Measuring temporal patterns in ecology: The case of mast seeding

This article was originally published here

Ecol Evol. 2021 Mar 11;11(7):2990-2996. doi: 10.1002/ece3.7291. eCollection 2021 Apr.

ABSTRACT

Properly assessing temporal patterns is a central issue in ecology in order to understand ecosystem processes and their mechanisms. Mast seeding has traditionally been described as a reproductive behavior consisting of highly variable and synchronized reproductive events. The most common metric used to measure temporal variability and thus infer masting behavior, the coefficient of variation (CV), however, has been repeatedly suggested to improperly estimate temporal variability. Biases of CV estimates are especially problematic for non-normally distributed data and/or data sets with a high number of zeros.Some recent studies have already adopted new metrics to measure temporal variability, but most continue to use CV. This controversy has started a strong debate about what metrics to use.We here summarize the problems of CV when assessing temporal variability, particularly across data sets containing a large number of zeros, and highlight the benefits of using other metrics of temporal variability, such as proportional variability (PV) and consecutive disparity (D).
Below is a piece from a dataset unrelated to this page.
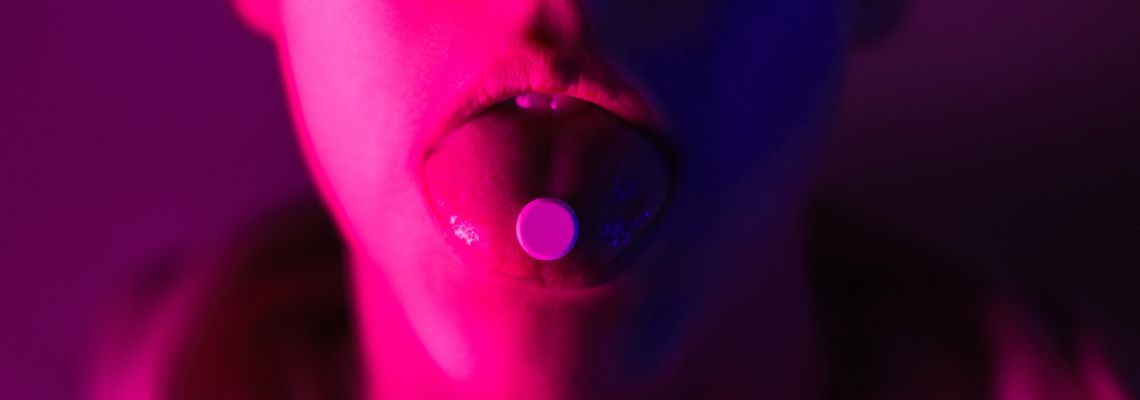 Young teenager taking drug pill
We also suggest a new way to look at reproductive behavior, by separating temporal variability from frequency of reproduction, to allow better comparison of data sets with different characteristics.We suggest future studies to properly describe the temporal patterns in fully scientific and measurable terms that do not lead to confusion, such as variability and frequency of reproduction, using robust and fully comparable metrics.